Madeleine Guillo-Leal
Madeleine Guillo-Leal
Autrice et réalisatrice bretonne, Madeleine Guillo-Leal a écrit et réalisé deux courts métrages sélectionnés dans plusieurs festivals et diffusés à la télévision. Elle travaille actuellement sur un projet de long métrage, Mon bout du monde, qui interroge la quête identitaire et la transmission générationnelle, et sur Chiennes ardentes, un projet de série qui raconte le quotidien d'une association féministe dans une petite ville côtière. Madeleine intervient aussi en tant qu'assistante de réalisation et chargée de casting sur des tournages.
Langue régionale
Langue régionale
FRANCE BLEU >>> Interview de la réalisatrice groisillonne Madeleine Guillo-Leal pour la sortie de son court métrage Disoñjal.

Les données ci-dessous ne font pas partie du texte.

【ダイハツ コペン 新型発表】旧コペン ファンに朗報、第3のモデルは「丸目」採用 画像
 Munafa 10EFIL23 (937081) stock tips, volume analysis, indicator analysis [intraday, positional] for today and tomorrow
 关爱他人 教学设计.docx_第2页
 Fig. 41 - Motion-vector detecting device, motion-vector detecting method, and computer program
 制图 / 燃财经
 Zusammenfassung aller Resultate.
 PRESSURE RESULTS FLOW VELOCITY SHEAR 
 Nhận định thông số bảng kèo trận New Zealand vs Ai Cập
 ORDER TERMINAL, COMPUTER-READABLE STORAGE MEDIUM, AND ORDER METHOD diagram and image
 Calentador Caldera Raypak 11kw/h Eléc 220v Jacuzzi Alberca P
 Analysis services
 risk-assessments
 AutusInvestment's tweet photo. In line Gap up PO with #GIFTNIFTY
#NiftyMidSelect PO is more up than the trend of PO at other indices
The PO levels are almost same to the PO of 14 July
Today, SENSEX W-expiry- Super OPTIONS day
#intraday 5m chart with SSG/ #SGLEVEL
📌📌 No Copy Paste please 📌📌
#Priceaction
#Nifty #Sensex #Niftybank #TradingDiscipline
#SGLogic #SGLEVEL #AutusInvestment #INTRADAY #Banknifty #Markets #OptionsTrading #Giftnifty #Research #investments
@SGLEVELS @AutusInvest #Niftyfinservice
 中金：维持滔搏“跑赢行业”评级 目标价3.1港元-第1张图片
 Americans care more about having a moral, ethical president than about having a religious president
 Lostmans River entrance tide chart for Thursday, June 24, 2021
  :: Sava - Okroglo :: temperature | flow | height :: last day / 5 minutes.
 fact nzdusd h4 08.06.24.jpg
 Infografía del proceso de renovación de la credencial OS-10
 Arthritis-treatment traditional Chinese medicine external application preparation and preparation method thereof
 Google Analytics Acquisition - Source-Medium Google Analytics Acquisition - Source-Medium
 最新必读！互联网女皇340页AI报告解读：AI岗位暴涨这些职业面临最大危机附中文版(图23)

FRANCE CULTURE >>> Trois professeurs de celtique et de littérature bretonne discutent de l’évolution de la langue bretonne et de ses usages.
BCD >>> Le journaliste Fañch Broudic revient sur la pratique sociale du breton au début du XXe siècle en Basse-Bretagne.
19 avril 2024 16:57 - Guillerm Dominig
On peut faire les malins tant qu’on veut... Nos parents nous ont transmis, à notre corps/esprit défendant, des liens invisibles et indestructibles qui nous reviennent quand on ne s’y attend pas.
10 décembre 2023 14:30 - rivoal
mes parents bretonnants parlaient entre eux à la maison a 74 ans j apprends le breton pour deveneir ce que j ai toujour été "Un breton" ma familh zo eus kergloff e-kichen Carhaix a galon vat Christian
7 juin 2023 01:17 - Kerouanton
Bravo, mes 2 dernières ont appris le Breton la dernière continue, kenavo Gérard
6 juin 2023 17:52 - Youn Brenn
Pilet ga'n oto oa bet mamm-baeron ba Banleg 'ser treuzi hent Rosporden. Noz du-dall oa, ha glao pil ' ree. Ha 'benn 'n em zihunas oa seizhet an hanter glei deuz he c'horf (hemiplegique)... ha ne brege ket mui galleg. Adalek neuze 'm oa gallet preg brehoneg gati, pezh noa-hi nac'het da c'hober ganeñ betek hen. Deit oa d'an tu all tri miz àrlerc'h.
♫ Larit din 'ta ewid petra
oa bet ret din gortoz ken pell,
ar gwall daol-sen
wi preg ganoc'h,
ma mammig-bern ♫
5 juin 2023 08:53 - Gironnay Richard
Mon père en fin de vie en 2004 était à l'hôpital, un jour une infirmière me dit que mon père luit dit toujours dour dour...... Mon père avait élevé par ses grands parents dans le Côtes du Nord jusqu'à l'âge de 6 ans avant de rejoindre ses parents émigrés à Paris ou il est arrivé à l'école sans parler un mot de français. J'ai du expliquer à cette infirmière de Lorient qu'il demandait de l'eau.
La langue bretonne redevenait sa langue d'expression première pour exprimer un besoin vital.